If `name` exceeds 128 bytes (the size of `fs_node.name`), this overflows.

---

## 6. Summary Table

| # | Severity | Category | Location | Description | Status |
|---|----------|----------|----------|-------------|--------|
| 3.1 | CRITICAL | Security | uaccess.c | user_range_ok allows kernel addr | **FIXED** |
| 3.2 | CRITICAL | Security | syscall.c | sigreturn allows IOPL escalation | **FIXED** |
| 2.1 | CRITICAL | Race | pmm.c | No locking on PMM bitmap | **FIXED** |
| 2.2 | CRITICAL | Race | syscall.c | file refcount not atomic | **FIXED** |
| 1.1 | CRITICAL | Layer | syscall.c | x86 registers in generic code | **FIXED** (sc_* macros) |
| 2.3 | HIGH | Memory | slab.c | phys_to_virt can hit heap VA | **FIXED** |
| 3.3 | HIGH | Security | syscall.c | execve bypasses copy_to_user | **FIXED** |
| 3.4 | HIGH | Security | - | No SMEP/SMAP | **FIXED** (SMEP+SMAP) |
| 4.1 | HIGH | Memory | heap.c | Heap never grows | **FIXED** |
| 2.4 | HIGH | Logic | scheduler.c | waitpid NULL deref risk | **FIXED** |
| 1.2 | MODERATE | Layer | heap.c | Hardcoded heap VA | Open |
| 1.3 | MODERATE | Layer | interrupts.h | x86 registers leak | Open |
| 2.5 | MODERATE | Race | scheduler.c | Unlock before context_switch | **FIXED** |
| 2.6 | MODERATE | Logic | utils.c | itoa no buffer size | Open |
| 2.7 | MODERATE | Logic | utils.c | itoa UB for INT_MIN | Open |
| 3.5 | MODERATE | Security | syscall.c | fd bounds not always checked | Open |
| 4.2 | MODERATE | Memory | heap.c | kfree doesn't zero | Open |
| 4.3 | MODERATE | Memory | scheduler.c | No stack guard pages | **FIXED** (user + kernel stacks) |

## 7. Fix Summary

**4 CRITICAL fixed**: user_range_ok kernel addr check, sigreturn eflags sanitization,
PMM spinlock, file refcount atomics.

**5 HIGH fixed**: slab uses kmalloc instead of phys_to_virt, execve sp bounds check,
SMEP enabled via CR4, heap grows dynamically to 64MB, waitpid NULL guard.
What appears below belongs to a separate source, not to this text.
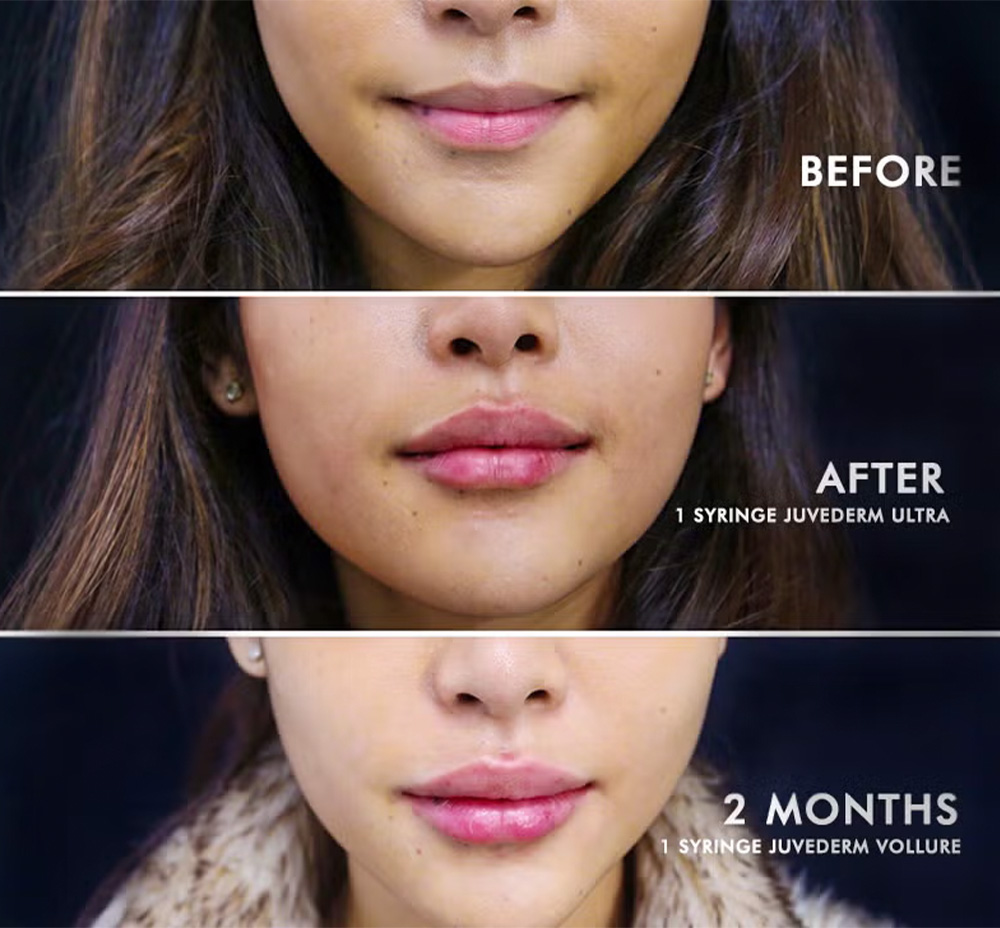 how long does Juvéderm last in lips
**2 MODERATE fixed**: User stack guard pages (unmapped page below 32KB stack) and kernel stack guard pages (`kstack_alloc()` at `0xC8000000` with unmapped guard page per stack).
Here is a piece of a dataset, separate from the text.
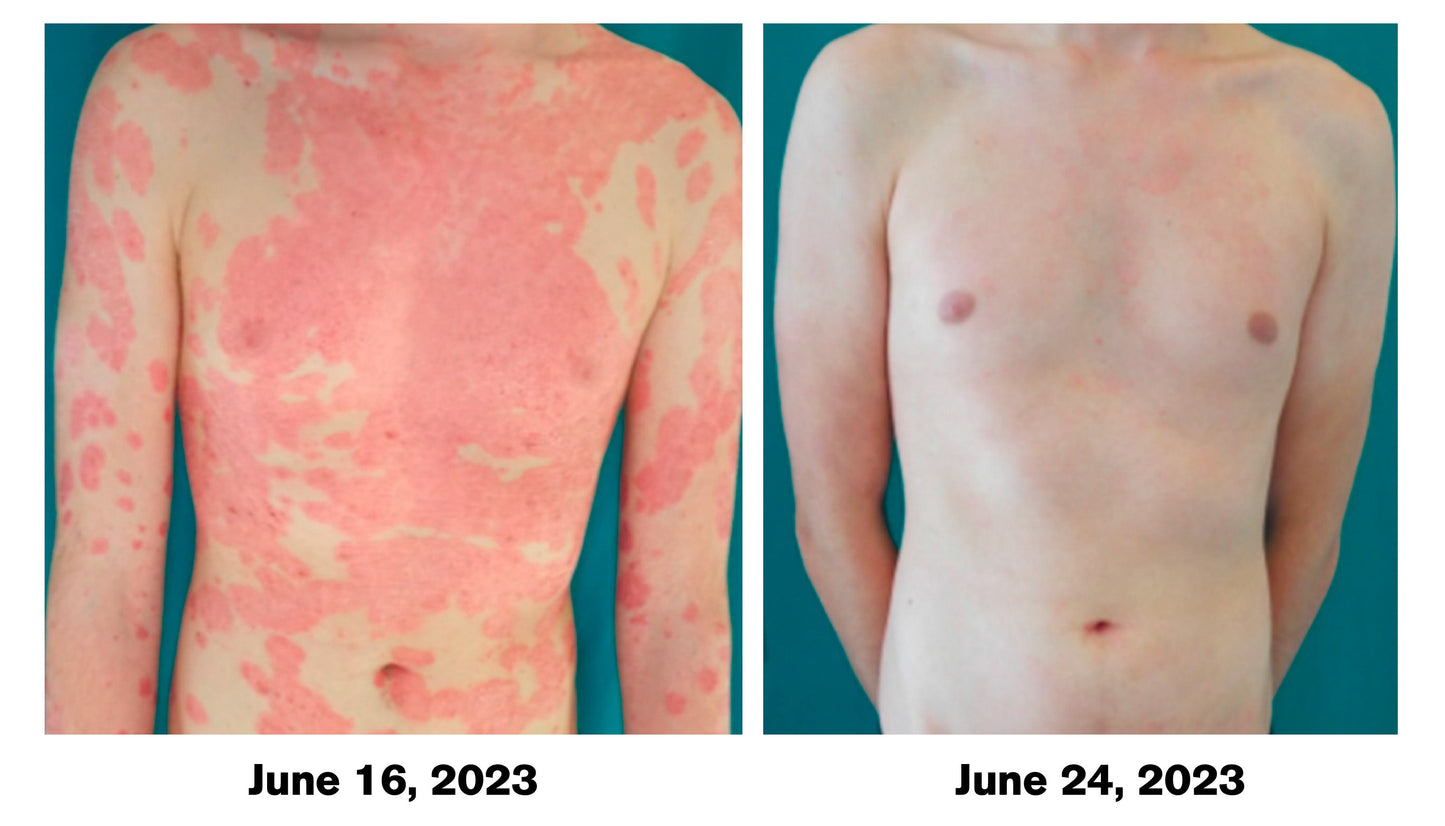 ATTDX Psoriasis Traitement AbeilleVenin Crème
**1 additional CRITICAL fixed**: syscall.c arch refactor — all x86 register accesses replaced with `sc_*` macros (`sc_num`, `sc_arg0`–`sc_arg4`, `sc_ret`, `sc_ip`, `sc_usp`). To port to ARM: only need `arch/arm/arch_syscall.h`.
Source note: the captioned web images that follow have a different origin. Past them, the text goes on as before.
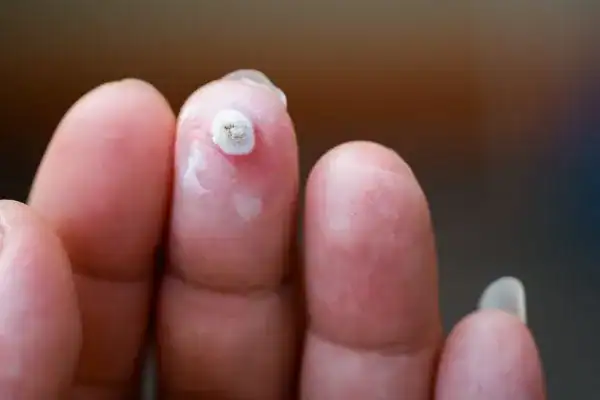 Image of white wart before cryopen treatment Rochester
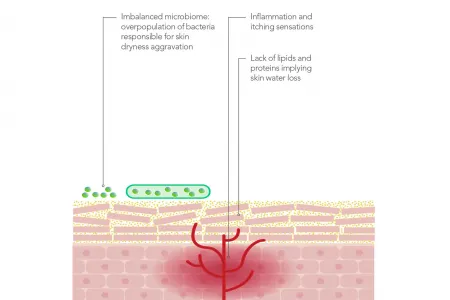 Role of skin microbiome in atopic dermatitis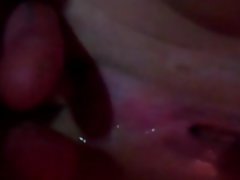 Amateur Anal Close Up Creampie Anal 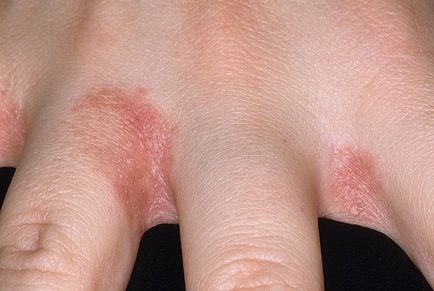 Pruritul între degetele de la picioare cauzele și tratamentul mâinilor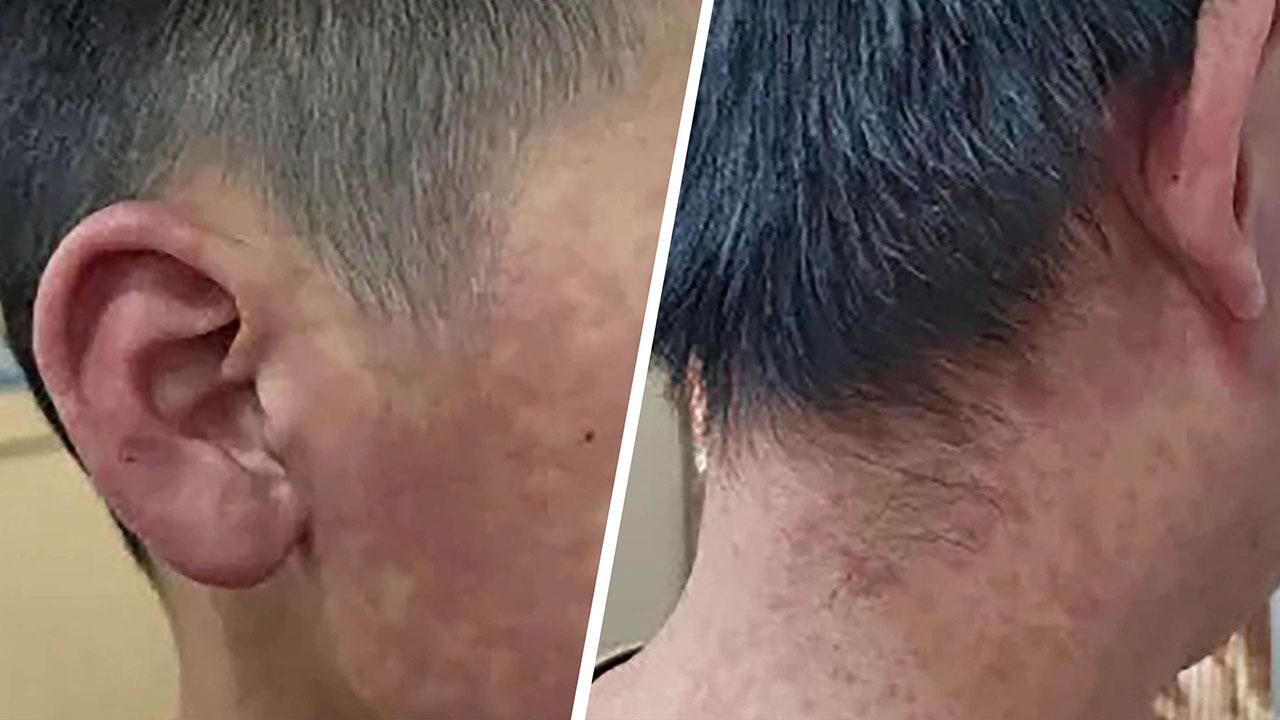 三水區政府發布多張基孔肯雅熱患者出現皮疹的照片。(微信公眾號「三水發布」)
**1 additional HIGH fixed**: SMAP enabled in CR4 bit 21 (in addition to SMEP).

**1 additional MODERATE fixed**: `schedule()` now calls `context_switch` BEFORE `spin_unlock_irqrestore`, preventing the timer-fired race window.

**Remaining**: 4 MODERATE (open): hardcoded heap VA (1.2), x86 registers leak in interrupts.h (1.3), itoa no buffer size (2.6), itoa UB for INT_MIN (2.7), fd bounds (3.5), kfree doesn't zero (4.2).